# Formal knot theory, I: a bad proof

So I've been reading through Louis Kaufmann's book *Formal Knot Theory*, which describes a lattice of "states" on four-regular plane-embedded (multi)graphs, and trying to understand it in different terms, as a structure of spanning trees and local changes from one spanning tree to another.

A four-regular plane multigraph is the same thing as the *medial graph* of a plane graph without the 4-regularity restriction. To form the medial graph \(M(G)\) of a plane graph \(G\), place a vertex of \(M(G)\) at the midpoint of every edge of \(G\) and connect pairs of these medial vertices in \(M(G)\) whenever they belong to adjacent edges around the same face of \(G\). The faces of \(M(G)\) can be two-colored (more generally this is true for any plane graph with even degree at every vertex). The faces of one color in \(M(G)\) lie within the faces of \(G\), and the faces of the other color in \(M(G)\) surround the vertices of \(G\):

Kaufmann's states are formed by placing marks within each face of \(M(G)\). Two adjacent faces of \(M(G)\) are marked by stars; the remaining marks are placed near a vertex on each unstarred face of \(M(G)\), such that each vertex has exactly one mark near it. As Kaufmann shows, these marks correspond to a pair of interdigitating trees. If we return to the underlying graph \(G\), one of these trees is a spanning tree of \(G\), and one of these trees is a spanning tree of the planar dual of \(G\). These two spanning trees are rooted at the vertices corresponding to the starred faces of \(M(G)\), and the other marks in \(M(G)\) indicate the parent of each vertex in \(G\) or its dual. The dual spanning tree is determined once a spanning tree in \(G\) is selected (the dual spanning tree edges are the edges dual to edges of \(G\) that are not part of the primal spanning tree) so, less symmetrically, we can view a state as consisting of a choice of outer face of \(G\), a choice of a vertex on that outer face, and a spanning tree rooted at that vertex.
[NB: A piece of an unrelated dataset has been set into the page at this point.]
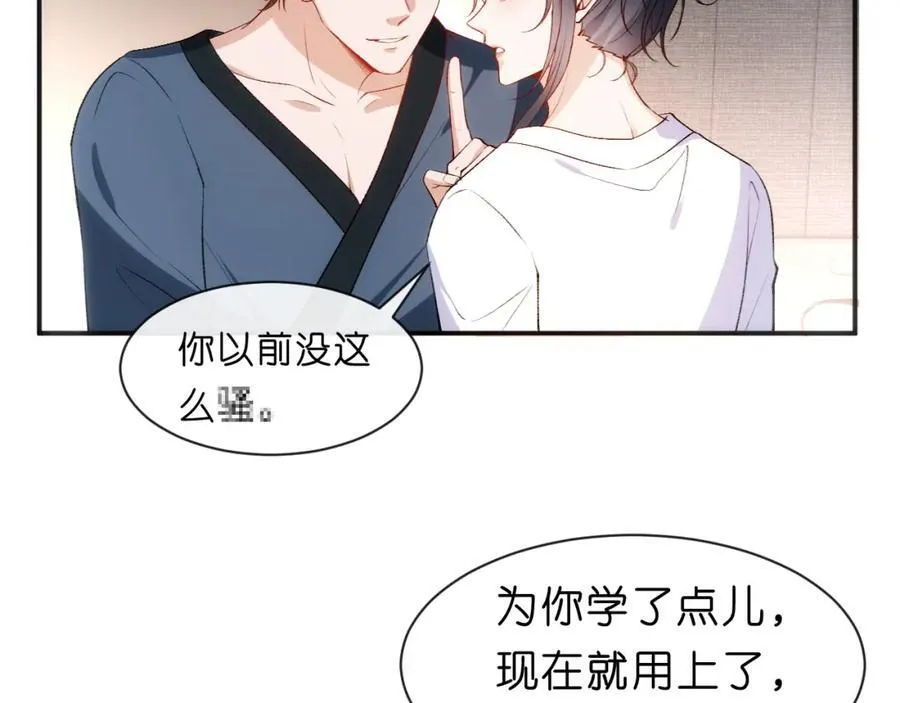 第96话 擦药 第44页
A *rotation* consists of finding two marks near the same edge of \(M(G)\) and replacing them with marks in the other two locations near that edge. In \(G\), this means: finding a spanning tree edge connecting some vertex \(v\) to its parent, removing it from the tree, and replacing it with an edge connecting \(v\) to a different parent, such that the edges to the old and new parents of \(v\) are adjacent on an interior face of \(G\) and such that the resulting graph remains a spanning tree. However, such a replacement is not allowed if it would cause a path in the dual tree to reverse its orientation. For instance, in the figures below, the center vertex is not allowed to choose the root as its new parent, even though that would form a valid tree, because it would reorient a dual path.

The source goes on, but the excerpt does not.